El hombre tras el mostrador, con el teléfono de plástico rojo y la agenda sin apuntes, se levantó con parsimonia y desapareció.

Aguardamos. No menos de dos horas.

¿Por qué nos debíamos fiar de él? Tal vez simplemente quería perdernos de vista, un domingo de enero. Me lo sigo preguntando.

Dio resultado. Cuando ya lo dábamos todo por perdido, alguien apareció para conducirnos a una sala decorada con frescos de Lenin paseando por el malecón del Neva. De repente, el trampantojo se quebró, una herida en forma de puerta dio paso a un irritado alcalde, a quien a todas luces habíamos arruinado el domingo. No recuerdo el contenido de la entrevista, pero no ha habido forma de olvidar al oráculo de la recepción del Mariinski, en el marasmo de las postrimerías soviéticas, porque su nombre era Vladímir Putin.

En la esquina del hotel Astoria un anciano nos dio una chocolatina mientras filmábamos la portada del palacio ante uno de los sempiternos canales, las venas de agua de San Petersburgo, de Rusia. En aquel enero de 1991, las infinitas cajas de madera en el invierno ruso punteaban un universo que enterraba al aire libre los acentos necesarios para la lectura de otra realidad que expiraba, la de la Unión Soviética.

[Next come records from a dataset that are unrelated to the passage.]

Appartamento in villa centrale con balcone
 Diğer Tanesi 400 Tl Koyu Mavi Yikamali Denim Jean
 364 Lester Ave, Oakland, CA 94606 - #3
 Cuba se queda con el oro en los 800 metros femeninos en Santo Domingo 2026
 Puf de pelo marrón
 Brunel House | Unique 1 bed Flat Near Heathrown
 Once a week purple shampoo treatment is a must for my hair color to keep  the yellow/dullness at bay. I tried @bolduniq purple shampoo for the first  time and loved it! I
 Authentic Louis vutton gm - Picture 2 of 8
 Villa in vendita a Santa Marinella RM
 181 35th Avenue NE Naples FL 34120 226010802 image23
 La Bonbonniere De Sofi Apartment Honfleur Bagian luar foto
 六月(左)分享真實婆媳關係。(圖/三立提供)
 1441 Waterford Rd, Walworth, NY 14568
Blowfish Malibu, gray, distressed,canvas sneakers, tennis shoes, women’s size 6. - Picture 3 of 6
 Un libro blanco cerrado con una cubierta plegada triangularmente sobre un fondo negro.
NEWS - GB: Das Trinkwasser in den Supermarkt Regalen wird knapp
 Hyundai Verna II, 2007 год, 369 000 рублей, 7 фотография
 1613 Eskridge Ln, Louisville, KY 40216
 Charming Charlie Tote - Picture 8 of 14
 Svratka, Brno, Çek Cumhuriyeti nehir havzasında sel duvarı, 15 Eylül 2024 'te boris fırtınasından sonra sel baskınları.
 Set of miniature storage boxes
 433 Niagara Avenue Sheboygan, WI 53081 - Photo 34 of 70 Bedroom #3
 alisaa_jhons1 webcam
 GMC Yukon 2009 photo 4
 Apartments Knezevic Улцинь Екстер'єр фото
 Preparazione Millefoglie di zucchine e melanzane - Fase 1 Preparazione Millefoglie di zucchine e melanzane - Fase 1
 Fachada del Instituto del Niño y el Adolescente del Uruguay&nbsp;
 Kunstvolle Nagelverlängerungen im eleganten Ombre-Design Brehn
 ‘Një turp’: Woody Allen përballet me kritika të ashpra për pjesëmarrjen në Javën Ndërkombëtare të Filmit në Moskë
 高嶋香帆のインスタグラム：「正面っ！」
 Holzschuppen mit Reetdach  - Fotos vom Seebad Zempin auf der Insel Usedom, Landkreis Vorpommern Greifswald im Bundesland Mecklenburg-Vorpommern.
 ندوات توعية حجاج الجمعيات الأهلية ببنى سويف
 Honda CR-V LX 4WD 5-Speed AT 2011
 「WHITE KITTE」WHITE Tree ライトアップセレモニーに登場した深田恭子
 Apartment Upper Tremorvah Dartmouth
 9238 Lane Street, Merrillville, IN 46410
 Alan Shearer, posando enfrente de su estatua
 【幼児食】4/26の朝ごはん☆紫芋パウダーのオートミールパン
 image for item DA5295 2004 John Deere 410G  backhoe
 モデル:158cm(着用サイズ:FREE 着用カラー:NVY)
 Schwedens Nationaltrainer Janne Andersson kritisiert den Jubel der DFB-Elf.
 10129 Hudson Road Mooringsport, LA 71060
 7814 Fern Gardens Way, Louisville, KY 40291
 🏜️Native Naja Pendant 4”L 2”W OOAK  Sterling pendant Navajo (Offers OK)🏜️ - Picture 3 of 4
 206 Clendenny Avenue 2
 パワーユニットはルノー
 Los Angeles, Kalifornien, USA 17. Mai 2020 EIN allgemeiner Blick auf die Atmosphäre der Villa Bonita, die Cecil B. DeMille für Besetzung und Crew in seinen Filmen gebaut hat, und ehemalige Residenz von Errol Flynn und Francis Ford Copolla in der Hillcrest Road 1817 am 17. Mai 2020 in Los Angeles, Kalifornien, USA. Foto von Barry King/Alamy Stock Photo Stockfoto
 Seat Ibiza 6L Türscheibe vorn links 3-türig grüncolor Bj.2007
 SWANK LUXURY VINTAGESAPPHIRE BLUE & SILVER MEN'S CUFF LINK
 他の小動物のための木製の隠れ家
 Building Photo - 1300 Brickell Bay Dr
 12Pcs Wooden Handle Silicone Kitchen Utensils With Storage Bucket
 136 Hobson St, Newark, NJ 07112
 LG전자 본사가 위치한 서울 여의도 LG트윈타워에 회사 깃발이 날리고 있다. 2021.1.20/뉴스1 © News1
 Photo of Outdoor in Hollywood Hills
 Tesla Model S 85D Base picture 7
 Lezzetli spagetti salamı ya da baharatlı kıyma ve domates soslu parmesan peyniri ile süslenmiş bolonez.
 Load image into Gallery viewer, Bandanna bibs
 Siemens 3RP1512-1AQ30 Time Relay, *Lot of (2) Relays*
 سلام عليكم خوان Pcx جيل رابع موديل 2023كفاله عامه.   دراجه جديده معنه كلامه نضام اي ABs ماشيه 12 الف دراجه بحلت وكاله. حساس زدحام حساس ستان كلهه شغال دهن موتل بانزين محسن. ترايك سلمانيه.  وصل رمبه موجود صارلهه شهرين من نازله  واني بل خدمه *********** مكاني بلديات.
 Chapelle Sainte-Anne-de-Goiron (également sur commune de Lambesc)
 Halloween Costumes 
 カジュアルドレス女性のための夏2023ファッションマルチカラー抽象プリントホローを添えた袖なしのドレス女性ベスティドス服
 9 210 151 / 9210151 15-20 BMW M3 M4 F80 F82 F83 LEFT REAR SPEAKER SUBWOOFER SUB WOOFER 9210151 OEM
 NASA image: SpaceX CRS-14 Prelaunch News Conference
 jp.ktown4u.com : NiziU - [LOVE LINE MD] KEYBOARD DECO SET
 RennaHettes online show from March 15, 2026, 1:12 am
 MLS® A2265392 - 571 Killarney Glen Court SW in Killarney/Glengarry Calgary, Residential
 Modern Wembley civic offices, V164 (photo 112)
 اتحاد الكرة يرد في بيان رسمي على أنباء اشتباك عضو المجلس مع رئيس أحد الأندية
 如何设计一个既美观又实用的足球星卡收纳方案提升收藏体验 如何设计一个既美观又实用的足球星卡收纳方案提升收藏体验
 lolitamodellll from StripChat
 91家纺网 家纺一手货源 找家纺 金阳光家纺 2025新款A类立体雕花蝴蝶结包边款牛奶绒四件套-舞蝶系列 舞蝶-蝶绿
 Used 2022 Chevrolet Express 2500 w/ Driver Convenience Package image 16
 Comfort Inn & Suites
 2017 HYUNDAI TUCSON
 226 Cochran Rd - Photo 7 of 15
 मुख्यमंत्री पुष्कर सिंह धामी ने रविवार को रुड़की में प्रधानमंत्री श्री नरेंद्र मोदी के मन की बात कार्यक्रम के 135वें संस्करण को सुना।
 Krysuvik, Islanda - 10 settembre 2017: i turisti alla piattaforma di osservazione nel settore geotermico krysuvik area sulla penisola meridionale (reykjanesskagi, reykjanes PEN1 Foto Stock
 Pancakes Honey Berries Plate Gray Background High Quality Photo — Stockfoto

Me explicaron que se protegían así las innumerables estatuas contra las inclemencias del invierno báltico. El símbolo contra el olvido. Como si aquellos féretros puestos en pie no fuesen sino un preámbulo de ese día en que, con el fin del invierno, las estatuas recuperarían irremediablemente su libertad.

* * *

Había sido también en invierno cuando el último de los Romanov recorrió aquellas calles y avenidas, buscando el cambio de estación, esta vez política, en un paisaje punteado por la visión de aquellos sarcófagos verticales, como caracteres en una piedra roseta de acentos imprescindibles para la correcta lectura de Rusia. El primer capítulo de esta historia es el último de la dinastía Romanov: el zar de un día, que pudo haber cambiado los destinos de aquel imperio y del mundo; cuando Miguel Alexándrovich Romanov, hermano menor del zar Nicolás II, dejó en manos del Gobierno provisional la convocatoria de las primeras elecciones libres, por sufragio universal. Para que los rusos eligieran su sistema de gobierno, monarquía o república. El sacrificio supremo de alguien que tenía en sus manos el poder absoluto de sus antepasados. Una decisión y un documento que convierte en ilegítimo el golpe de Estado bolchevique, pasando por todos los Gobiernos que se sucedieron desde aquel 3 de marzo de 1917, hasta Putin, el hombre de la recepción del Palacio Mariinski. Exactamente el lugar donde comenzaron a perderse todos los acentos.